Агриппа устранен, но этого недостаточно, так как Август может умереть внезапно; армия и сенат могут отправиться за Агриппой на Планарию, которая не так далеко, и тогда горе Тиберию!
История также не побоялась намекнуть, что последним злодеянием Ливии было отравление собственного мужа. Кажется невероятным, чтобы женщина решилась на такую крайность после пятидесяти лет брака. Но, господа, внимательно рассмотрите логику фактов. У Августа случился один из тех моментов слабости, которые испытывают даже самые стойкие сердца в последние дни своей жизни. Ему было семьдесят шесть лет, он видел, как один за другим исчезают все его друзья; он сам отправил на смерть или позволил убить своих детей и внуков. В этом одиночестве, в день печали, он вызывает сенатора, которого считал достойным своего доверия, Фабия Максима, потомка великого рода Фабиев; он приказывает ему тайно снарядить галеру и садится на корабль. Он уезжает с ним втайне, не предупредив Ливию. Вы не забыли, что он боялся Ливии, и я уже приводил характерный пример: когда ему нужно было обсуждать с ней серьезные вопросы, он заранее записывал то, что хотел сказать, и эта предосторожность казалась ему одной из necessities его частной жизни. Но в последние дни, чувствуя, что все его покидает, он испытывает тайное желание увидеть своего внука; он скрывается от Ливии и отправляется на остров Планария с Фабием Максимом; он приказывает привести Агриппу, берет его на руки и плачет. Вот слезы, в которые я верю больше, чем в те, что Вергилий заставил его пролить над Марцеллом; это его последняя надежда, этот внук, которого он так несправедливо обидел. Он возвращается и просит Фабия хранить величайшую тайну.
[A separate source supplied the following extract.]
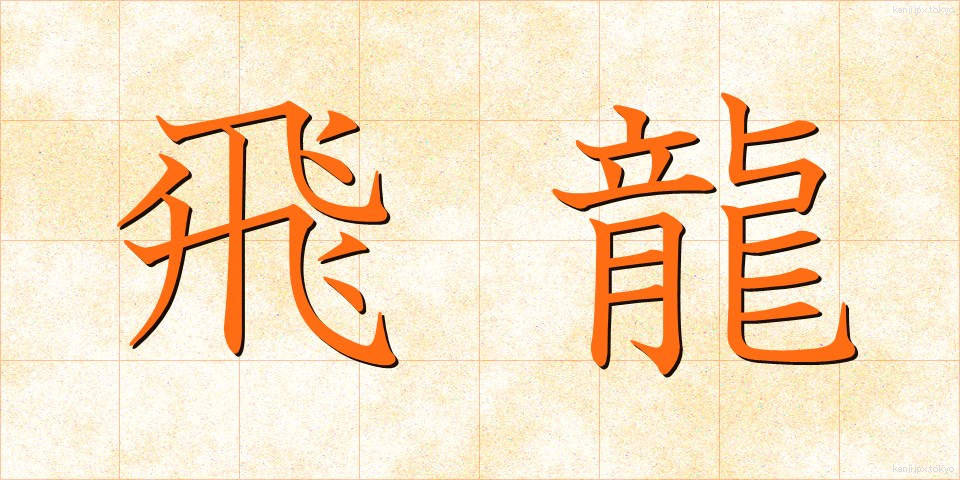 飛龍 (ひりゅう)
Но Фабий знает, что император не был единственным властителем, что у Ливии были страшные средства; и он рассказывает все Ливии. Через день он перестал жить; и можно было услышать, как Ливия обвиняет себя в его смерти. Но на следующий день Август умирает в свою очередь. История рассказывает, что он любил собирать инжир в своем саду, и что Ливия в тот день подала ему инжир и ела его вместе с ним; тот, что она подала ему, был отравлен, а тот, что ела сама, – нет.
Август умер на несколько месяцев раньше, чем того требовала природа, но он умер вовремя для планов Ливии. Она скрыла его смерть, посадила центуриона на галеру; эта галера на всех веслах устремилась вперед, и последний акт, который должен был передать всю власть Тиберию, свершился. Агриппа Постум был убит: только тогда смерть Августа была объявлена, и его наследство стало открытым. Остался только один наследник, усыновленный Августом, владелец легионов и Сената: это был Тиберий.
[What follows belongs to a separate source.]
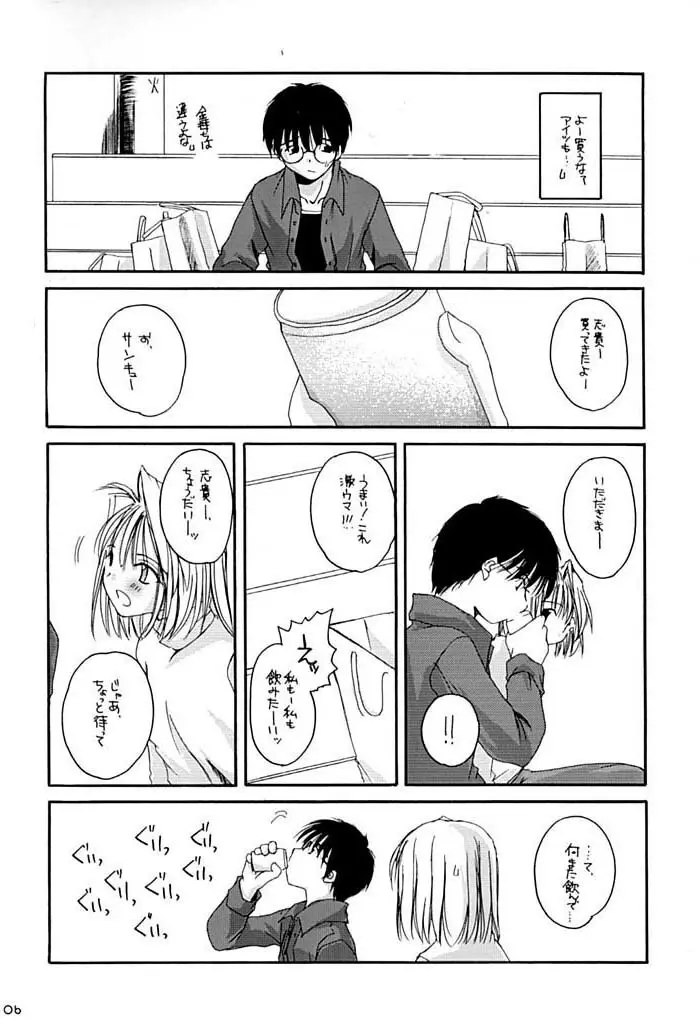 儚月1.5 Page.5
Господа, такова эта женщина, внешне – добрый гений Августа, на самом деле – мачеха для императорской семьи и бич для государства, ведь она уничтожила князей, которые могли бы принести добро и которые, во всяком случае, имели инстинкты, предпочтительные по сравнению с Тиберием. Вы спросите меня, какой была кончина Ливии. Сначала она делила империю с Тиберием, и сенат удостоил ее таких почестей, что это вызвало зависть ее сына. Тиберий уезжает на Капри, чтобы избежать этого господства; когда он чувствует себя сильнее, он проявляет к матери все презрение, которого она заслуживает, запрещает сенату оказывать ей почести, отправляет ее на виллу, и в течение трех лет она ни разу не видит этого сына, ради которого она принесла в жертву все, даже своего мужа. Она умирает без влияния, покинутая, полная досады, если не раскаяния. И после ее смерти кажется, что она становится для мира предметом ужаса. Ее труп разлагается. Напрасно ждут, что император проявит свою волю. Император не отвечает, и только когда тело начинает гнить, он приказывает его сжечь. Он даже не пришел посмотреть на свою мать на смертном одре. Она оставила завещание, но его не открывают, оно остается мертвой буквой, как говорит Тацит, и было исполнено только при Калигуле. В императорской семье существовал обычай: обожествлять умерших правителей, что причисляло их к богам; Тиберий отказал Ливии в этой славе. Все почести, которые хотел ей оказать сенат, Тиберий отверг, так что память о Ливии была унижена тем самым, кто воспользовался всеми ее преступлениями.